The invention relates to semiconductor devices and circuits, and, more particularly, to both semiconductor device packaging and system level containers.
Many digital semiconductor devices, such as DRAMs, SRAMs, A/D converters, and so forth rely on electrical charge on a capacitive node for storage of a digital signal, and thus such devices are sensitive to events which transport unintended charge to the node. For example, silicon devices in airplanes encounter cosmic rays which include high energy (1-10 Mev) neutrons; FIG. 1 shows the high energy neutron flux as a function of altitude. Such high energy neutrons may react with silicon nuclei in an integrated circuit substrate to yield heavy recoil nuclei which generate bursts of electrical charge that can migrate to a node in the substrate and upset a stored charge. Gossett et al, Single Event Phenomena in Atmospheric Neutron Environments, 40 IEEE Tr.Nuc.Sci. 1845 (1993), analyze upset in a bipolar SRAM.
At sea level cosmic rays include some high energy neutrons, but generally neutrons moving through the atmosphere thermalize (primarily scatter from nitrogen and oxygen nuclei) and their energies tend towards kT (0.025 eV at room tempeature). FIG. 2 heuristically illustrates the sea level neutron flux as a function of energy. See Hess et al, Cosmic-Ray Neutron Energy Spectrum, 116 Phys.Rev. 445 (1959); Ziegler et al, The Effect of Sea Level Cosmic Rays on Electronic Devices, 52 J.Appl.Phys. 4305 (1981); and Nakamura et al, Altitude Variation of Cosmic-Ray Neutrons, 53 Health Phys. 509 (1987). As the neutrons with energies well above kT pass through matter, they continue thermalizing and thus the source of thermal neutrons may be considered continuous.
One approach to compensate for such cosmic ray hazards simply increases node capacitances to require a large unintended charge for upset. However, this increases the substrate area used by a circuit and thus increases costs.
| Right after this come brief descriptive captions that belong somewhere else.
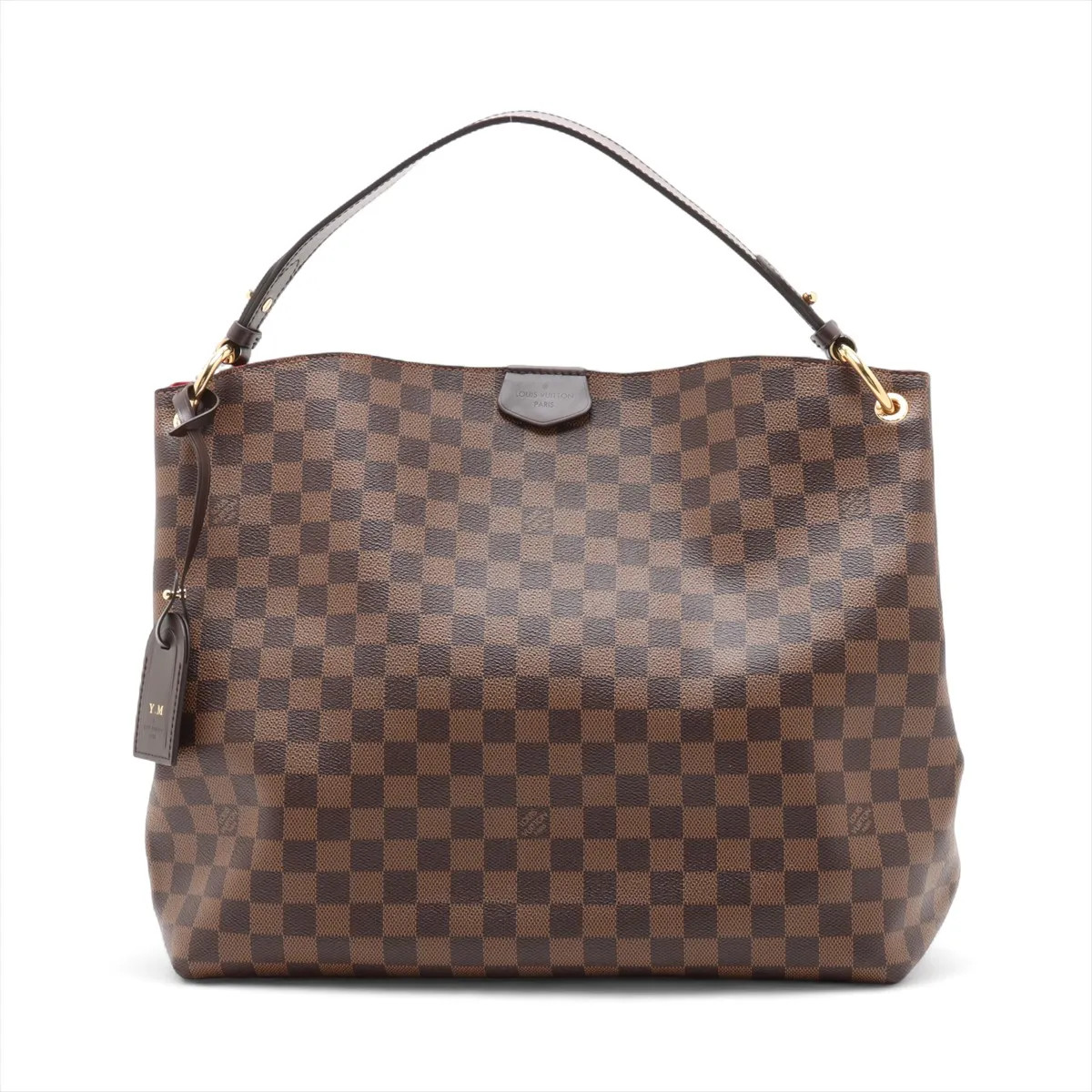 Louis Vuitton Damier Graceful MM N44045 Brown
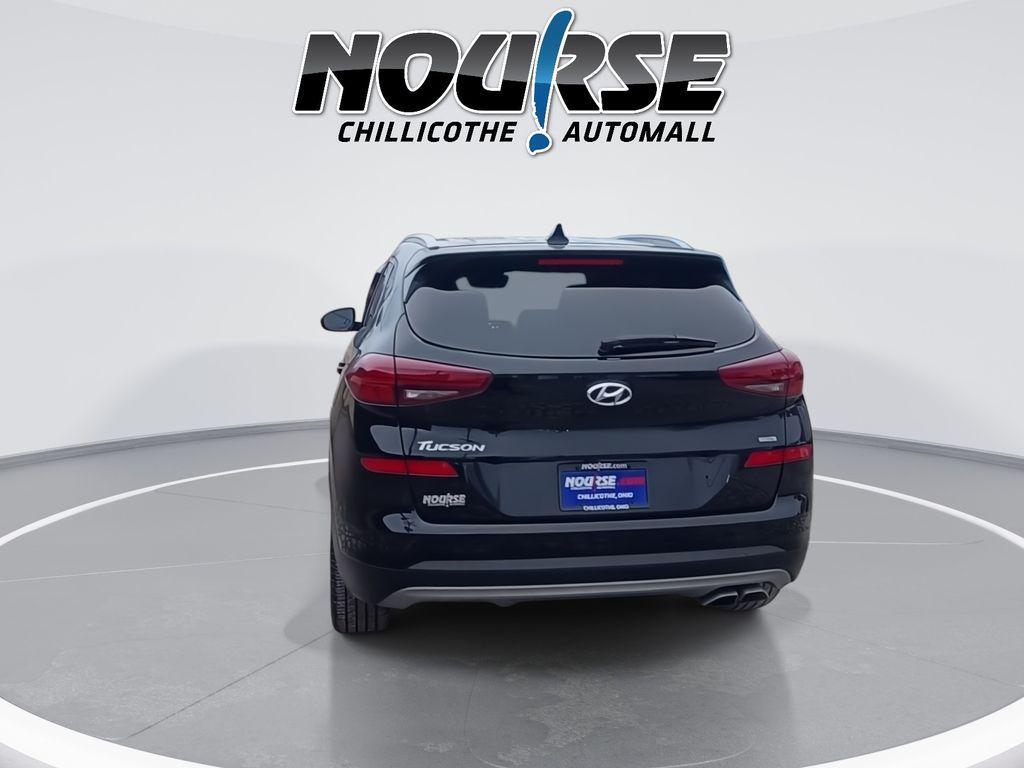 used 2019 Hyundai Tucson car, priced at $16,999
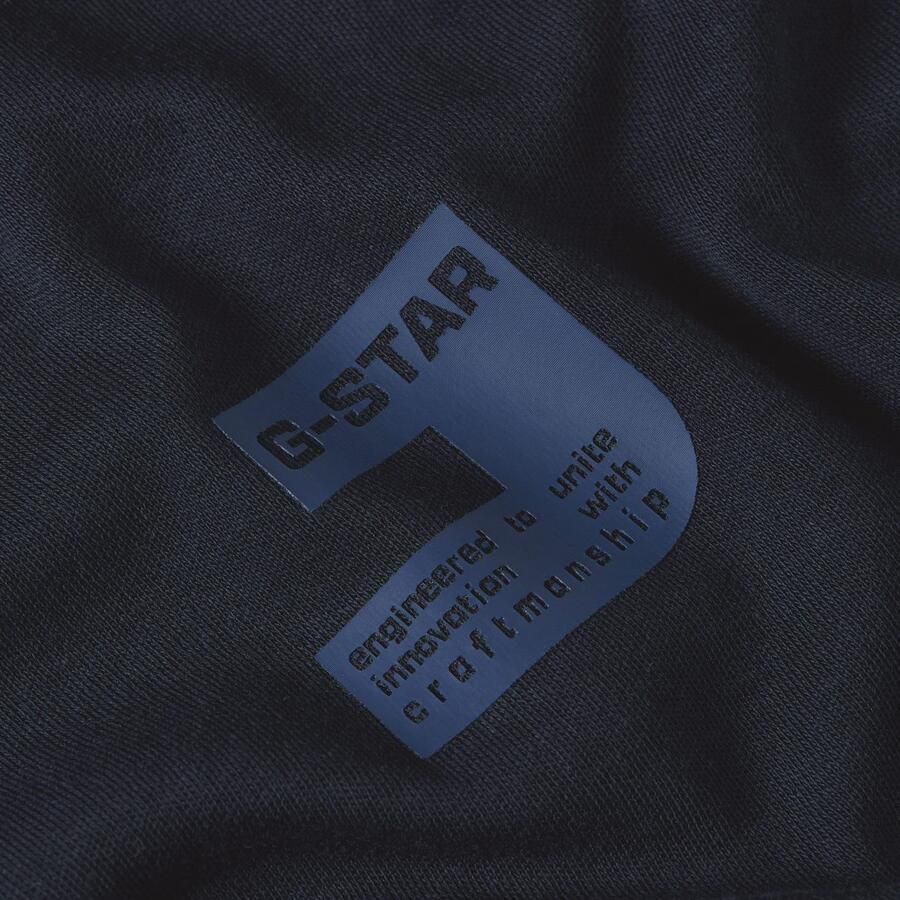 G-Star RAW T-shirt Chest Logo Ronde hals regular fit - Foto 3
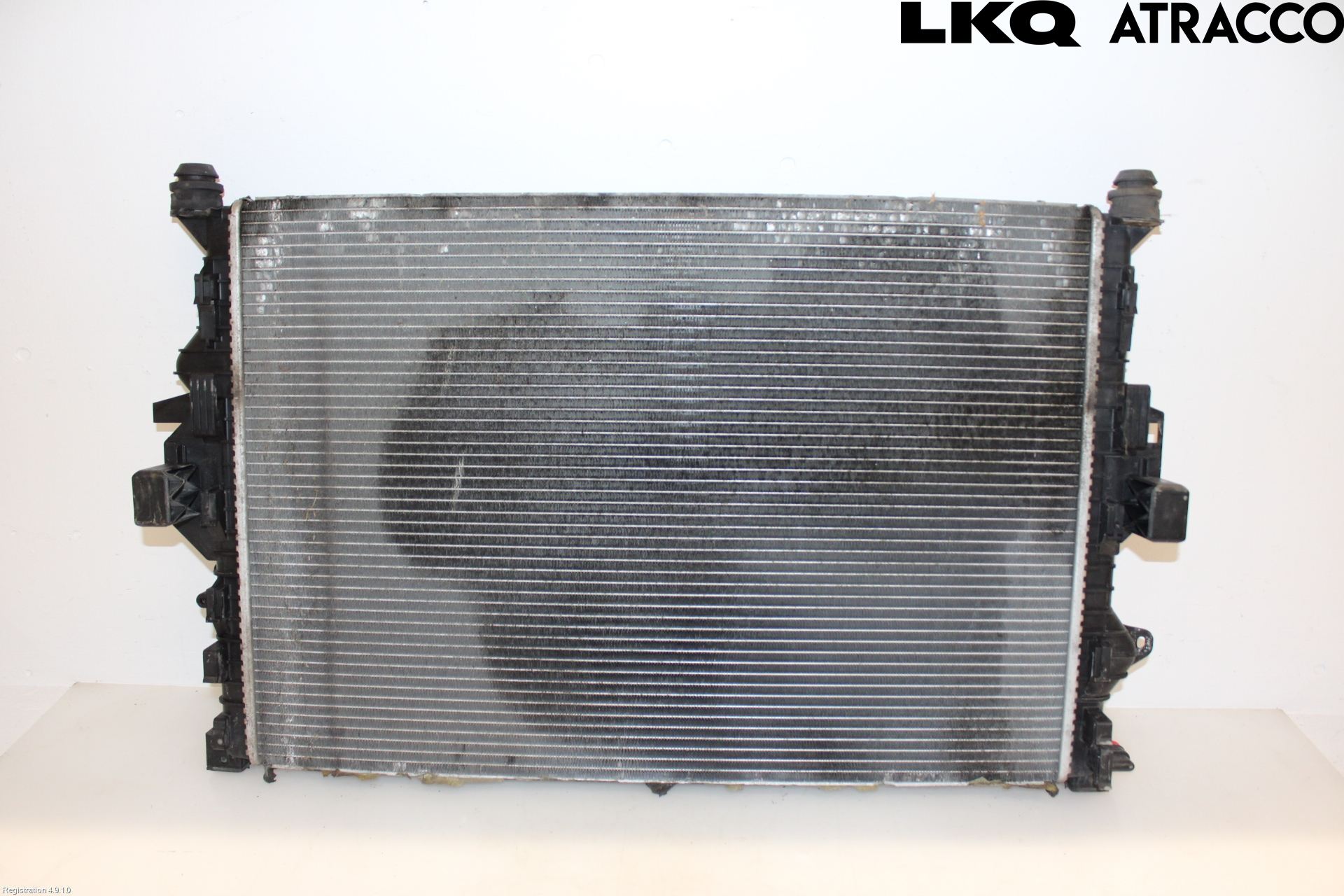 Ford S-MAX 06-15 Kylare Aut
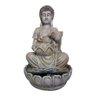 Fonte de Buda em Resina com Bacia 50cm - 1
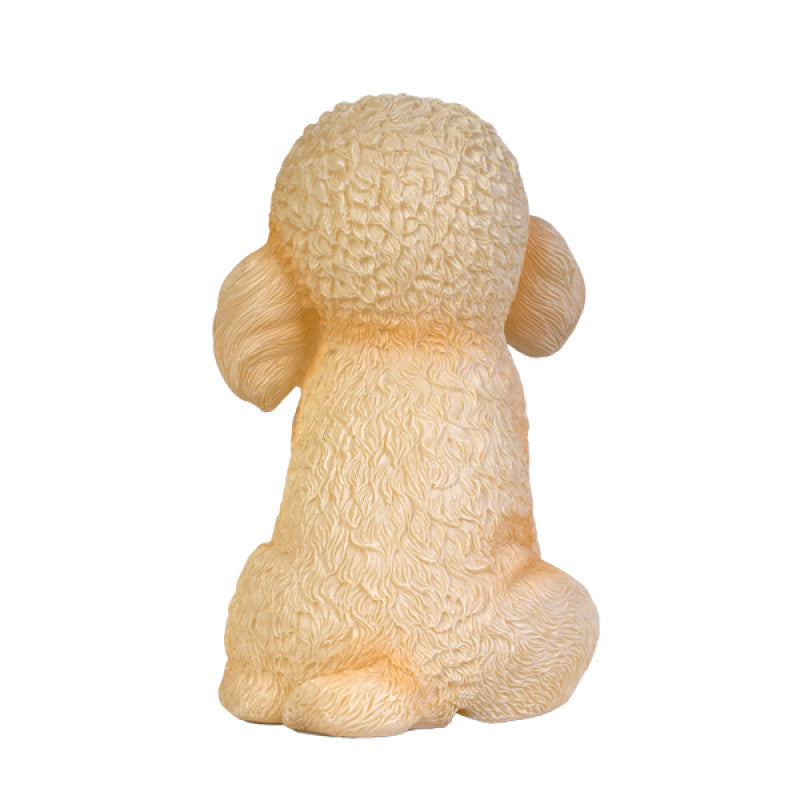 Poodle Dog Table Lamp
Semiconductor device packages typically fall into one of two types: plastic encapsulation and ceramic packages. Plastic encapsulation surrounds a semiconductor die plus its bond wires and lead frame with a roughly 2 mm thick plastic coating made of typically 27% novalac epoxy, 70% inert filler, 2% flame retardant, 1% colorant, plus accelerator, curing agent, and mold-release agent. The filler may be powdered quartz. However, quartz typically has natural uranium and thorium impurities. U and Th radioactive decay gives rise to alpha particles which generate bursts of electrical charges analogous to silicon nucleus recoil products arising from high energy neutron reaction. These likewise can migrate and upset stored signal charge on a node. Early approaches to controlling such alpha particle generated upsets placed an alpha particle absorbing barrier, such as a 30 .mu.m thick silicone rubber layer, between the die and the surrounding plastic. An alpha particle loses energy as it passes through matter, and typical ranges are 5-100 .mu.m for 1-10 MeV alphas in various density materials with higher density yielding shorter ranges. Thus the 30 .mu.m of silicone rubber barrier would dissipate most of a typical alpha particle energy prior to the alpha entering the active device areas of an integrated circuit.
Subsequently, fillers using quartz with low impurity levels brought the radiation down to less than 0.001 alpha/cm.sup.2 /hour and thus effectively eliminated the problem and the need for the barrier.
Ceramic packages typically have a body of 90% alumina plus 10% glass with lids of gold-plated kovar, a glass sealer, and air within the package cavity. All of these components may have alpha-emitting radioactive impurities, for example radon in cavity air. These components, particularly the aluminum and gold, may be purified to limit radioactive isotope levels and avoid excessive alpha generated upsets.